Va caminando rápido, mirando las intersecciones de las calles para que un conductor egocéntrico no haga de las suyas con su integridad, pero sigue rápido.
Pasa junto a un puesto de policía y 30 segundos después, se va la luz.
La calle oscura, el barrio oscuro, el puesto de policía oscuro.

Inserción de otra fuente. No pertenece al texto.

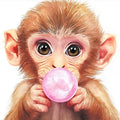 Baby Monkey Bubble Gum Mural Wallpaper — Whimsical Portrait Mural Wallpaper - room preview 02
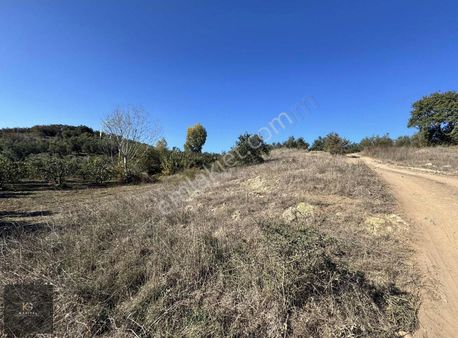 Mudanya Yalıçiftlikte Kapitalden Yatırımlık Hisseli Tarla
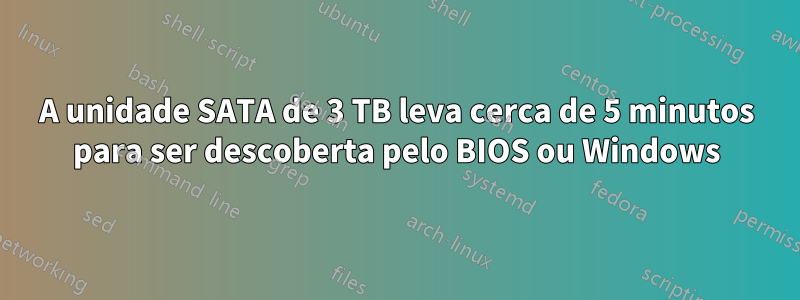 A unidade SATA de 3 TB leva cerca de 5 minutos para ser descoberta pelo BIOS ou Windows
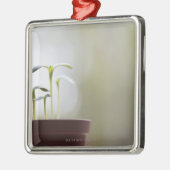 Sonnenblume-Pflanzen, die in Topf 2 keimen Silbernes Ornament (Links)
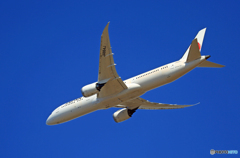 「そらー」 JAL 787-9 JA864J 離陸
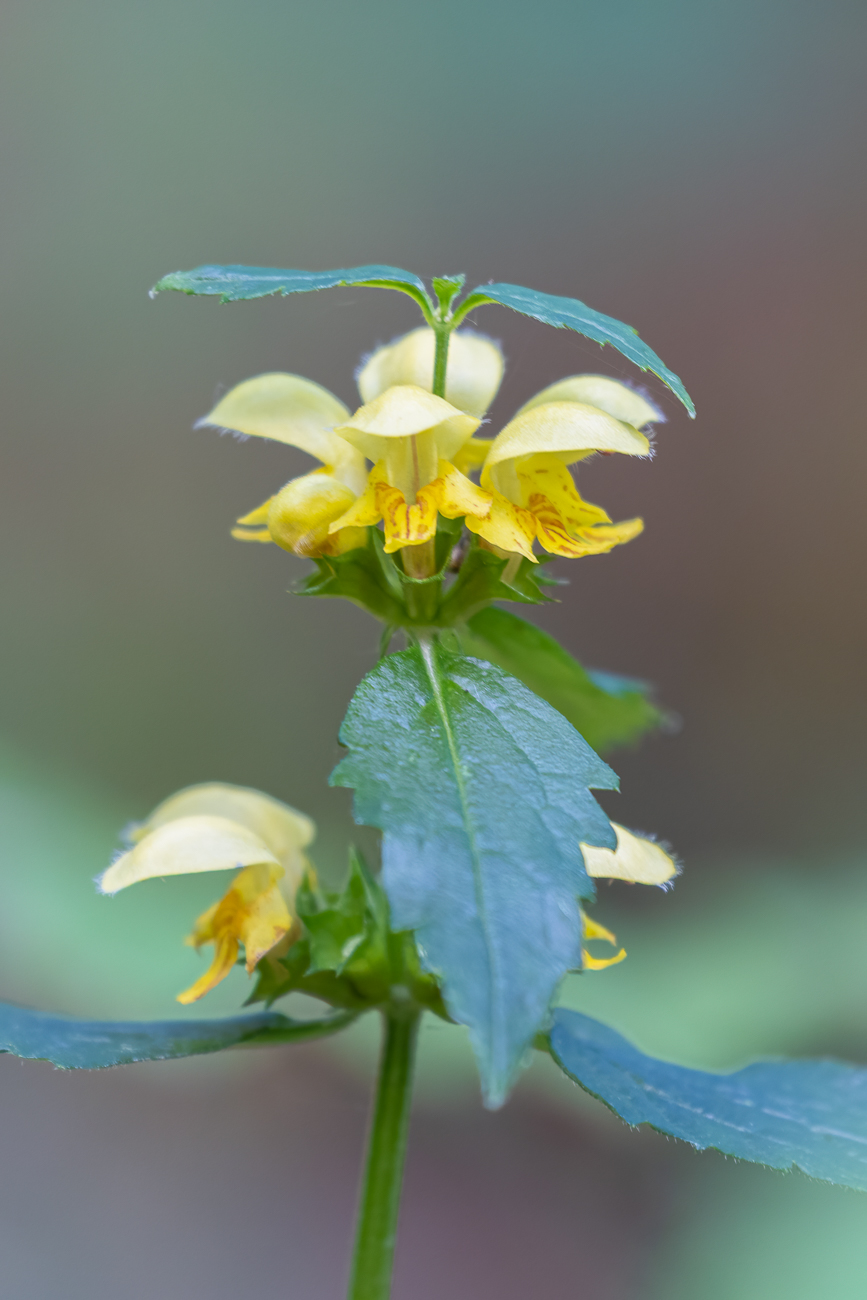 Gewöhnliche Goldnessel [Lamium galeobdolon]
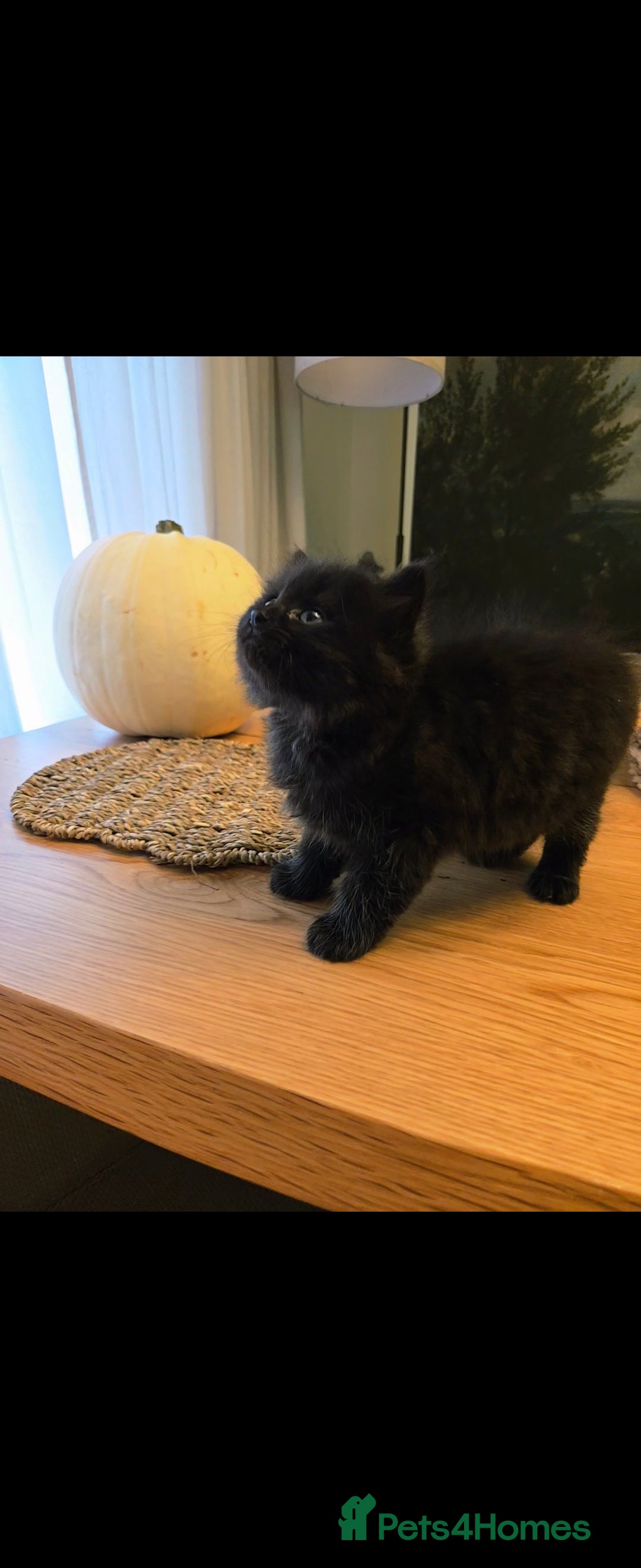 Mixed Breed cats for sale: Mixed black female kittens  - Image 12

Sigue caminando como si no se hubiera ido la luz, porque no hace mucha diferencia. Avanza unas diez calles, cuando de pronto siente que le están observando.
Voltea la mirada y ve a dos policías en moto, en actitud sigilosa, con la doctrina de Cesare Lombroso como regla. Porque, ¿qué más puede estar haciendo un tipo con un pequeño morral, un sábado por la noche, caminando sólo en una calle oscura y con una barba de 5 días de antigüedad, salvo darle la razón al italiano?
-Para una requisa.
-Sí.
-¿Qué lleva ahí?
- Unos cuadernos y algunos documentos.
Igual revisan tanto al morral como al individuo.
-¿Y usted qué hace?
-Estoy caminando.
-No, ¿pero usted qué hace en la vida?
-Me dedicaba al derecho pero me retiré de eso, ahora hago cosas varias. El derecho no sirve para nada, tan sólo mire como están de llenas las cárceles, con todo y la impunidad del 99%…..
-Sí, ahora lo único que importa es la plata -Dice el policía.
-Es bastante triste, pero sí. Aunque creo que pueden existir otras formas de vivir sin tener que matarnos unos a otros. Pero no lo quiero aburrir.
-Bueno.
Le da la mano al policía y cada uno sigue por su camino.